Continuous-Time Markov Decision Processes with Controlled Observations

TL;DR

This paper develops a theoretical framework for optimizing observation timing and control actions in continuous-time Markov decision processes with discrete observation instances, applicable to queueing and inventory systems.

Contribution

It introduces a joint optimization approach for observation epochs and control actions in continuous-time MDPs with controlled observations, including explicit solutions and numerical methods.

Findings

Optimal observation is independent of state in gated queueing systems.

More frequent observations are optimal in certain state regions.

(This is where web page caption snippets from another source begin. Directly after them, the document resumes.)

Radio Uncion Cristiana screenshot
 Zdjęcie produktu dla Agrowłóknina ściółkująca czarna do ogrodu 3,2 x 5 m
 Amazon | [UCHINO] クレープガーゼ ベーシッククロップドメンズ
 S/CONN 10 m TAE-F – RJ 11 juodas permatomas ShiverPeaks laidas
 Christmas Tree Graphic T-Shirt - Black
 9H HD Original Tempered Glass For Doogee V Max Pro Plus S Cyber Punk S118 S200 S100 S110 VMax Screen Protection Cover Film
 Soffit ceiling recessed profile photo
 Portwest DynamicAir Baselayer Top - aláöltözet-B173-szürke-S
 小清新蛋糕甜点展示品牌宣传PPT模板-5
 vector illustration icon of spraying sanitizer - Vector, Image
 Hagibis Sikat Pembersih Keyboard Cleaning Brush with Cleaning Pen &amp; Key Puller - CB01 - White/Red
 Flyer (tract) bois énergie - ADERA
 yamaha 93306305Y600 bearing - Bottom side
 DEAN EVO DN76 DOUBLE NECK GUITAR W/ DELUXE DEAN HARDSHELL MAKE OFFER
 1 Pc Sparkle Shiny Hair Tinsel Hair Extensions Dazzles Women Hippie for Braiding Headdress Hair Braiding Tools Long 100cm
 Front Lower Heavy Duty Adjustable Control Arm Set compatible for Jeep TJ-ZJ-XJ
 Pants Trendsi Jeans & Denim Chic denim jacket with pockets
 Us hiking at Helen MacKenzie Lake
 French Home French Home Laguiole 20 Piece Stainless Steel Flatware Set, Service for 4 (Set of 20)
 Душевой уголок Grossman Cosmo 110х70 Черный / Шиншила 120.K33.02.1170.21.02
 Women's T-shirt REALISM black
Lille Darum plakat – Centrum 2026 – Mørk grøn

Numerical solutions demonstrate the effectiveness of the proposed framework.

Abstract

In this paper, we study a continuous-time discounted jump Markov decision process with both controlled actions and observations. The observation is only available for a discrete set of time instances. At each time of observation, one has to select an optimal timing for the next observation and a control trajectory for the time interval between two observation points. We provide a theoretical framework that the decision maker can utilize to find the optimal observation epochs and the optimal actions jointly. Two cases are investigated. One is gated queueing systems in which we explicitly characterize the optimal action and the optimal observation where the optimal observation is shown to be independent of the state. Another is the inventory control problem with Poisson arrival process in which we obtain numerically the optimal action and observation. The results show that it is optimal to observe more frequently at a region of states where the optimal action adapts constantly.